Daniel Garcia e Mair Tavares (o segundo, um dos maiores do nosso cinema, no caminho para completar 80 anos) não apenas entregam um trabalho que define os rumos do filme, também devem ter se divertido tanto quanto o espectador em sua confecção. Através do material da pesquisa de Antonio Amaury Correia de Araújo e João de Sousa Lima, eles montam um painel muito particular a respeito de uma das figuras mais conhecidas e pesquisadas do país, que privilegia a intersecção entre verdade, mentira, fato e lenda.

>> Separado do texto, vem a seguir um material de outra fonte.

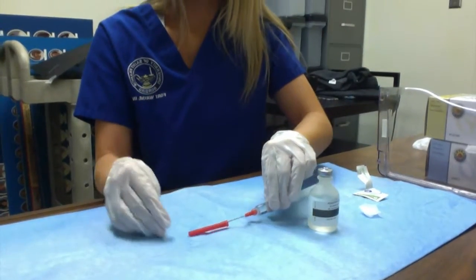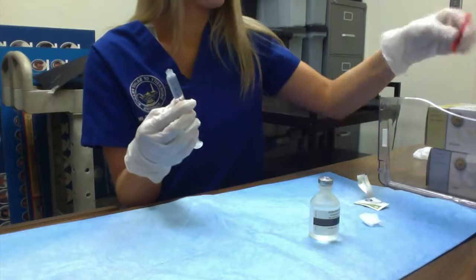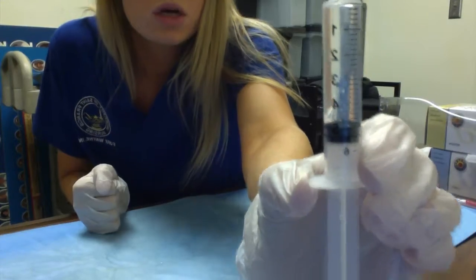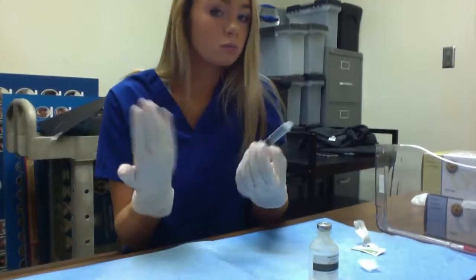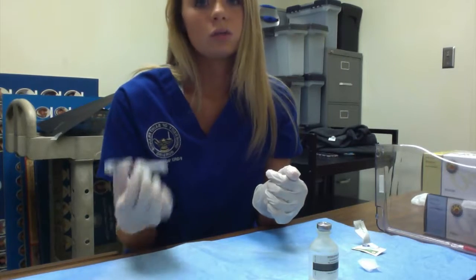I'm going to recap it using the swooping technique, and remove my needle onto the sharps. Here you can see that I have five milliliters of lopressor. I'm going to check the dose on my marker and make sure that there is five milliliters going to be given to the patient IV push.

Aos poucos, nós conhecemos tanto sobre o protagonista quanto sobre o Nordeste brasileiro, suas particulares contradições dos anos 20 e 30, e como esse mesmo lugar ainda está espelhado em 2024. É mais uma obra que traduz bem a cinematografia e os interesses de Oliveira, um cronista do cruzar dos tempos, que parece sempre dialogar passado e presente para concluir que estamos sempre repetindo a História.

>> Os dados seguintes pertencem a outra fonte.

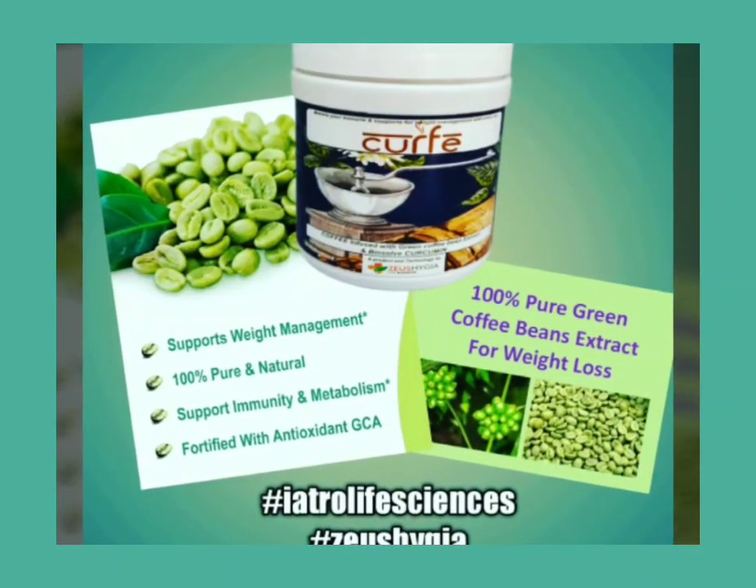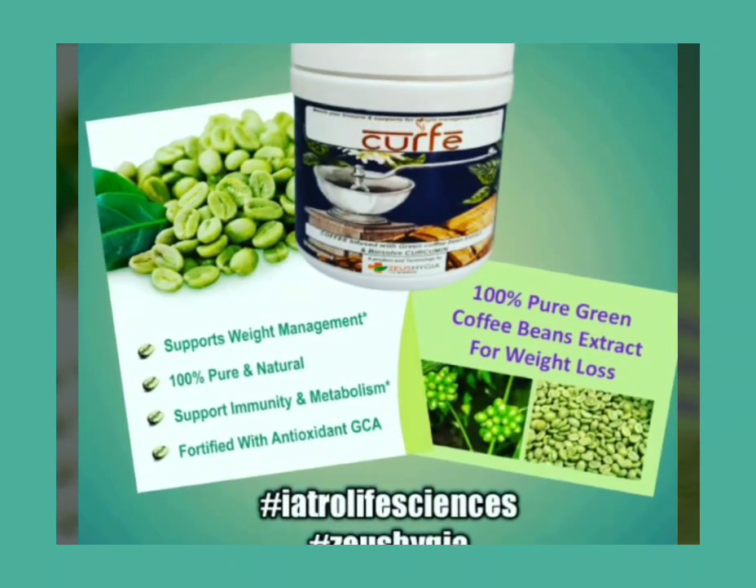Hi, today I am going to tell about Curcumin — green bean coffee with curcumin.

Não é a primeira vez que Oliveira se debruça sobre o cangaço, o delicioso Os Últimos Cangaceiros já tinha trazido um pouco desse universo para sua filmografia. Mas falar sobre Virgulino Ferreira, agora, é como ter feito um filme sobre Glória Menezes antes, e agora fazer um sobre Fernanda Montenegro. Durvinha também aparece aqui em Lampião: Governador do Sertão, entre muitos outros contemporâneos a eles, em relatos que montam um mosaico impossível de se imaginar completo, porque sempre teremos novas visões sobre o personagem. Na certeza de que seria impraticável completar o quadro, o cineasta mostra tantas possibilidades de cenários que, como ele mesmo diz, cada um abrace a versão que melhor lhe convir; provavelmente nenhuma delas está completamente errada.
As contradições que vão surgindo ao longo do caminho, na justaposição das opiniões que Oliveira conseguiu (e é sempre muito bom ouvir sua voz vazando para a imagem, cria uma cumplicidade com o espectador e com o entrevistado, ao mesmo tempo), criam um campo de cacofonia da informação que agrega ao material do filme o tanto de discussão que as redes sociais trouxeram. Hoje, todos são especialistas em alguma coisa, e defendem com veemência suas visões; em Lampião: Governador do Sertão isso está impresso através de pessoas que viveram naquele tempo, ou que estudaram o mesmo. Ainda que o filme tenha uma estrutura de ‘cabeças falantes’, essa brincadeira da montagem concede fôlego ao trabalho e acaba por enriquecer todas as vozes em cena.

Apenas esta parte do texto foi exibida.